Restate every record word for word, without the pictures.
· · · · ·
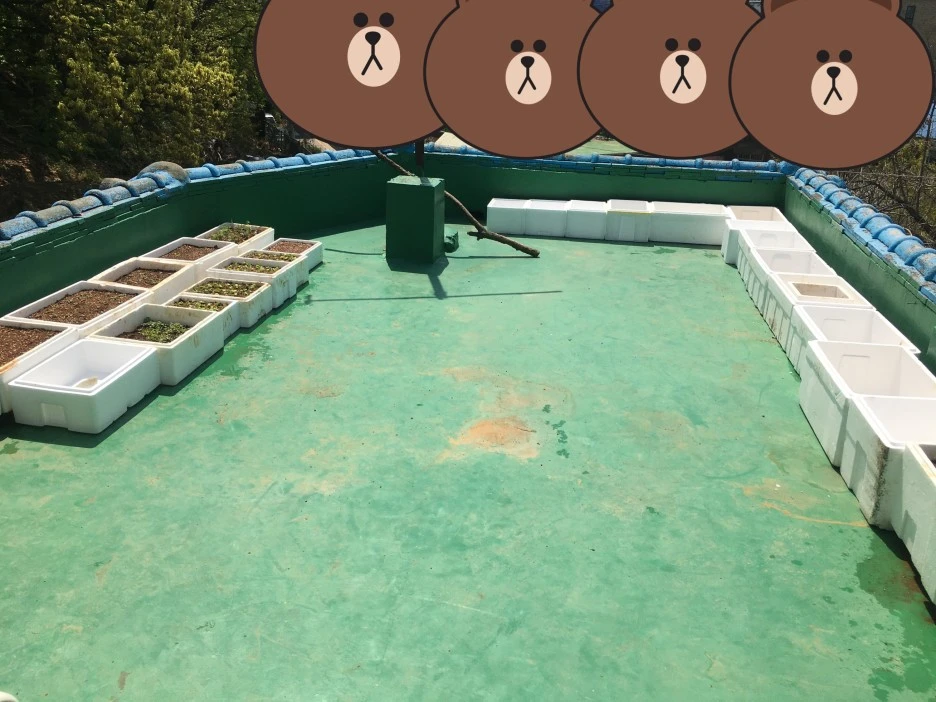 SE-f11529b9-f8ba-42ab-839d-1ac48f6bfaae.jpg?type=w1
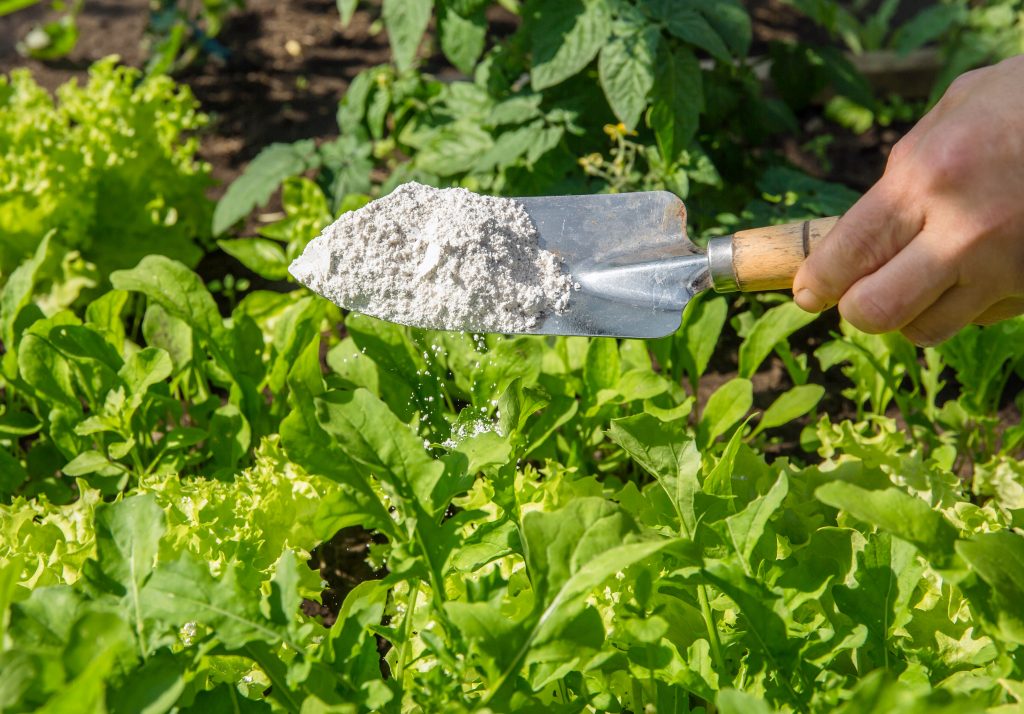 natural pest control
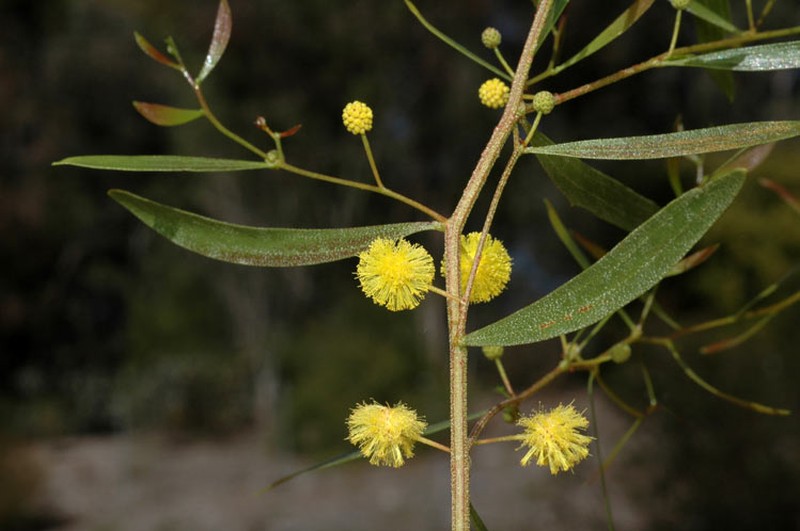 Acacia gnidium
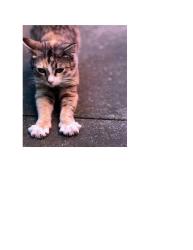 Found/Stray Female Cat last seen Bancroft, Berkeley, CA 94710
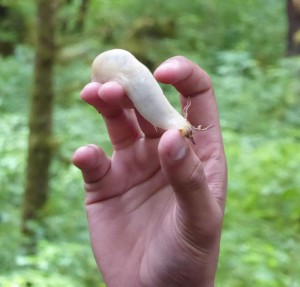 Regenwald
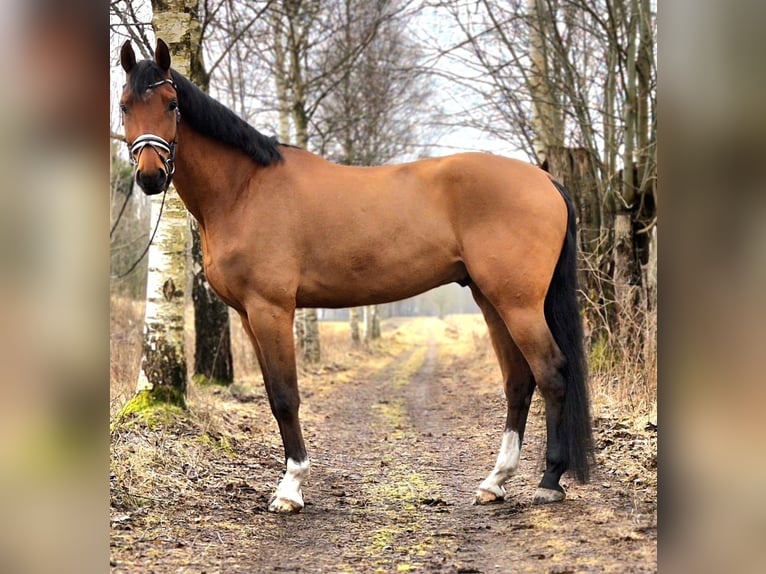 Zweeds warmbloed Ruin 6 Jaar 173 cm Roodbruin in Garphyttan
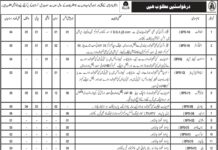 Assistant Commissioner Revenue Jobs 2021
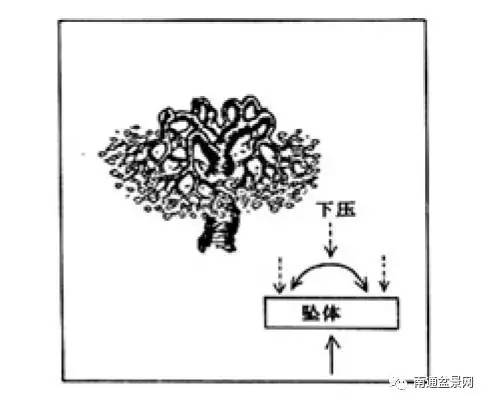 盆景收顶技法图片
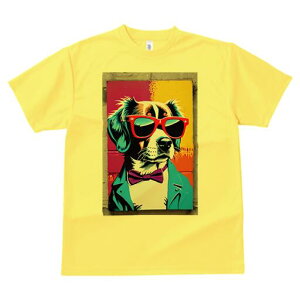 {[_[R[ TVc  j[NfUCfB[X t@  t vg lJWA 킢 lԗp Mtg I ҏ΍ TOX {[_[R[ lN^C |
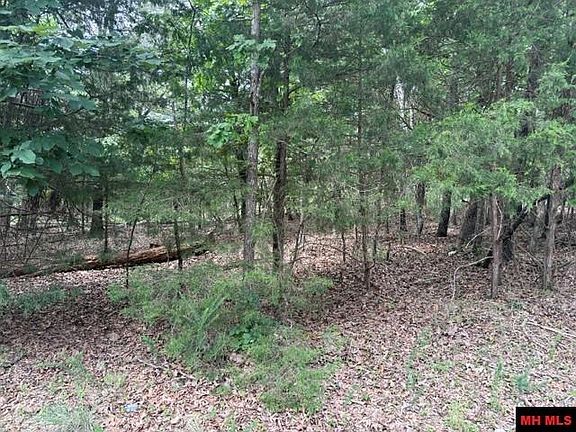 5th image of 258 County Road 472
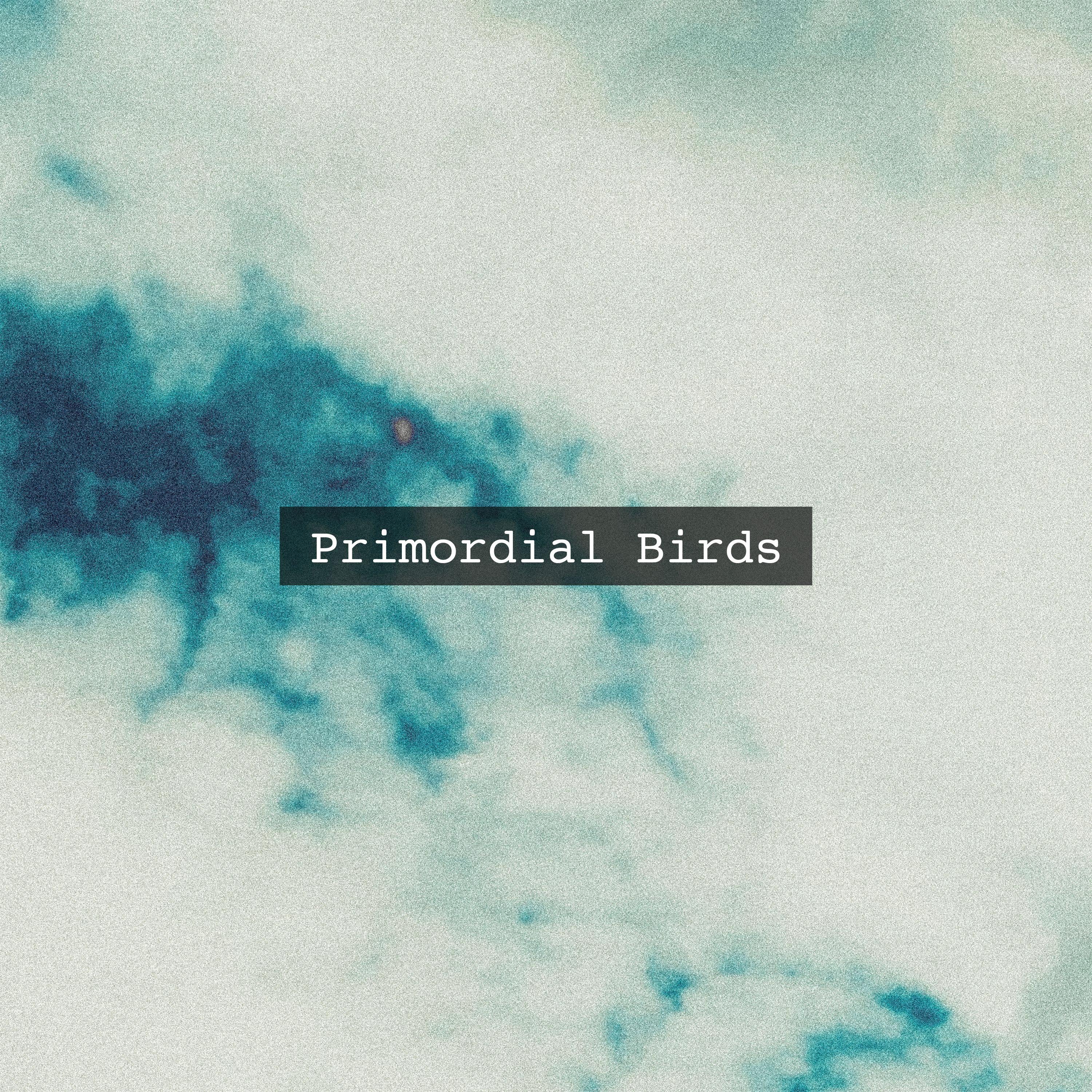 Primordial Birds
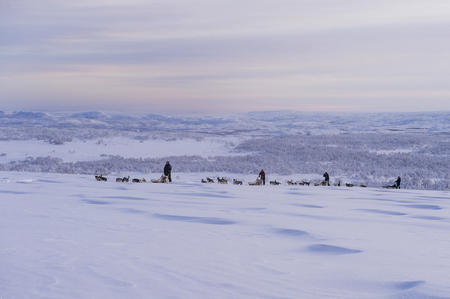 Huskysafari über die Fjells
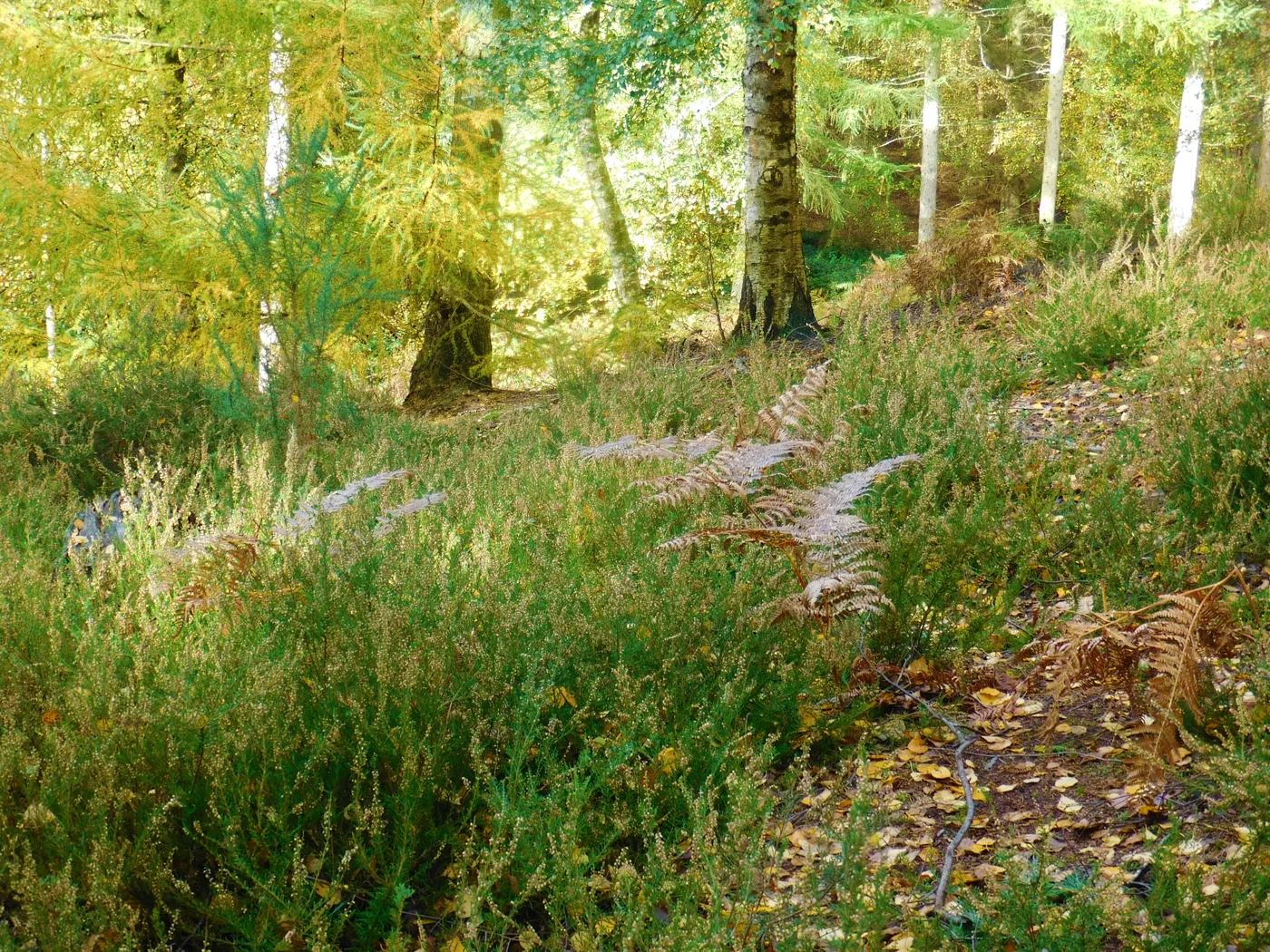 Rushmere Country Park at Heath and Reach, where the Greensand Trust's £4 Autumn Trail runs through the October half term.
· · · · ·
**Answer section**.
 SE-f11529b9-f8ba-42ab-839d-1ac48f6bfaae.jpg?type=w1
 natural pest control
 Acacia gnidium
 Found/Stray Female Cat last seen Bancroft, Berkeley, CA 94710
 Regenwald
 Zweeds warmbloed Ruin 6 Jaar 173 cm Roodbruin in Garphyttan
 Assistant Commissioner Revenue Jobs 2021
 盆景收顶技法图片
 {[_[R[ TVc  j[NfUCfB[X t@  t vg lJWA 킢 lԗp Mtg I ҏ΍ TOX {[_[R[ lN^C |
 5th image of 258 County Road 472
 Primordial Birds
 Huskysafari über die Fjells
 Rushmere Country Park at Heath and Reach, where the Greensand Trust's £4 Autumn Trail runs through the October half term.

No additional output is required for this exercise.